Ad and marketing creatives
Take the Marketing Out of It
Coudal Partners is a small, super-creative design, ad and interactive studio based in Chicago. A few years ago the firm had, well, a creative idea for its website: Take the marketing out of it. So instead of featuring portfolios, client lists, press releases and awards online, they started publishing an eclectic, interactive magazine about visual design, marketing, advertising and much more. The site buzzes with new thinking, guest editors, contests, even a "museum of online museums." It certainly made an impact: Some 40,000 people now visit Coudal.com each day. Should you consider this take-the-marketing-out-of-it approach for your site, too? Listen to what Coudal's Steve Delahoyde has to say.
VT: Tell us about the thinking behind Coudal's website.
Steve: The studio's founder Jim Coudal likes to point out that if you meet a woman at a bar, you don't immediately start talking about all the other women you've dated. You talk about the things that make you interesting. Same concept with our website. We don't have our old client work out there -- you really have to dig around to find it. What you get on our site are a lot of fresh ideas. I think that's why people like our site, and also like the work we do.

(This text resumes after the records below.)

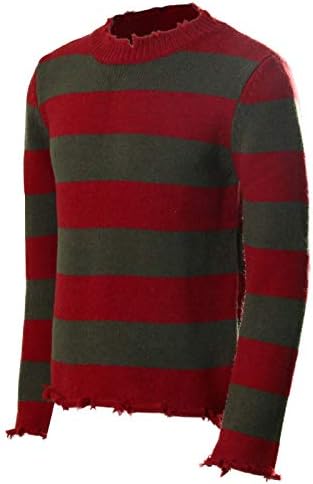 Машки џемпер од Фреди, шарена џемпер од џемпер, плетен кошмар на Елм Св Ноќта на вештерките Фенси костум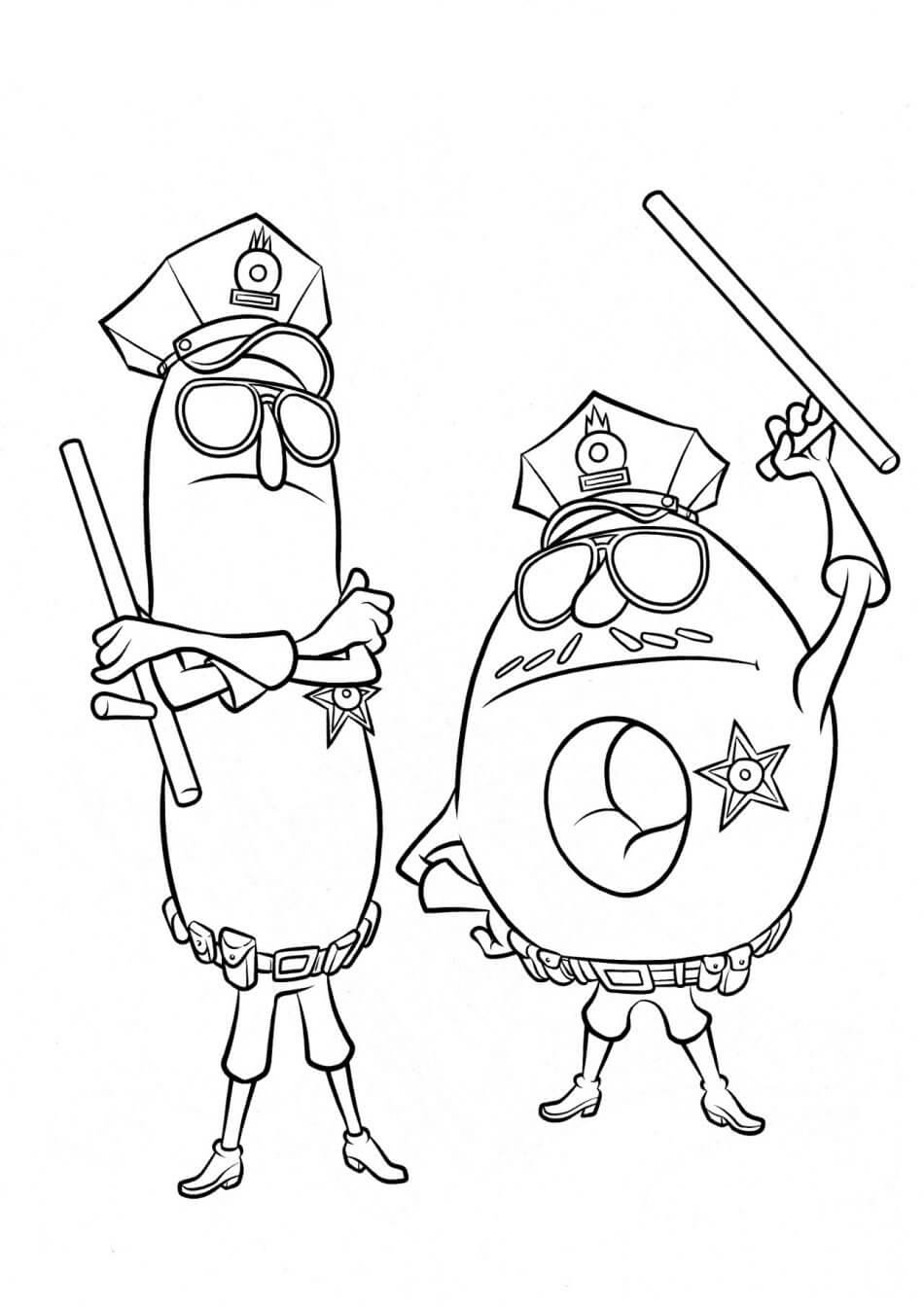 Donut y Amigo de Dibujos Animados para colorir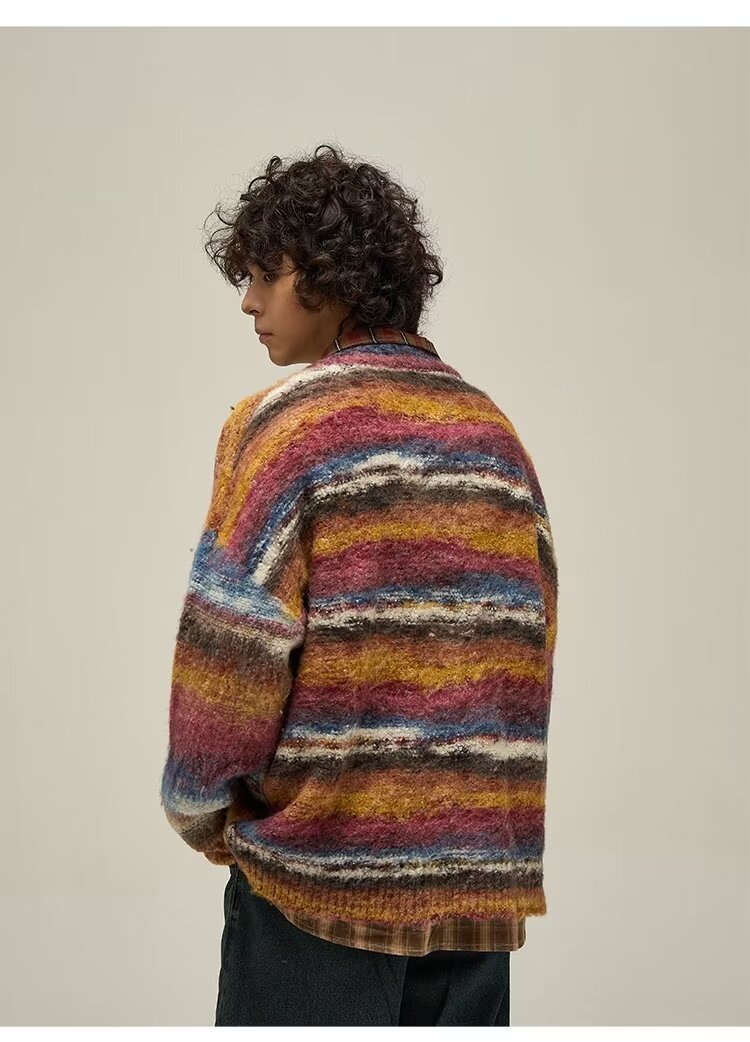 Ретро полосатый свитер с круглым вырезом оптом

VT: Has this approach helped your business?
Steve: It has definitely helped. It has also allowed us to move from just client work and do more projects for ourselves. We have a big base of readers who are just like us so we've been developing products for them. For example, we came out with Jewelboxing, which produces cool and functional DVD and CD cases, and we also do something called The Show -- live concert recordings. We've done really well with these.
VT: How do you come up with content?
Steve: Each of us here at Coudal has a logon to the site so we can put up whatever makes us curious. It's not narrow focused. We have no day to day plan, we just throw up stuff we like on the site and see what happens -- and learn from it.
VT: Any surprises?
Steve: We once ran a contest with a small puzzle and got many thousands of entries. That was huge.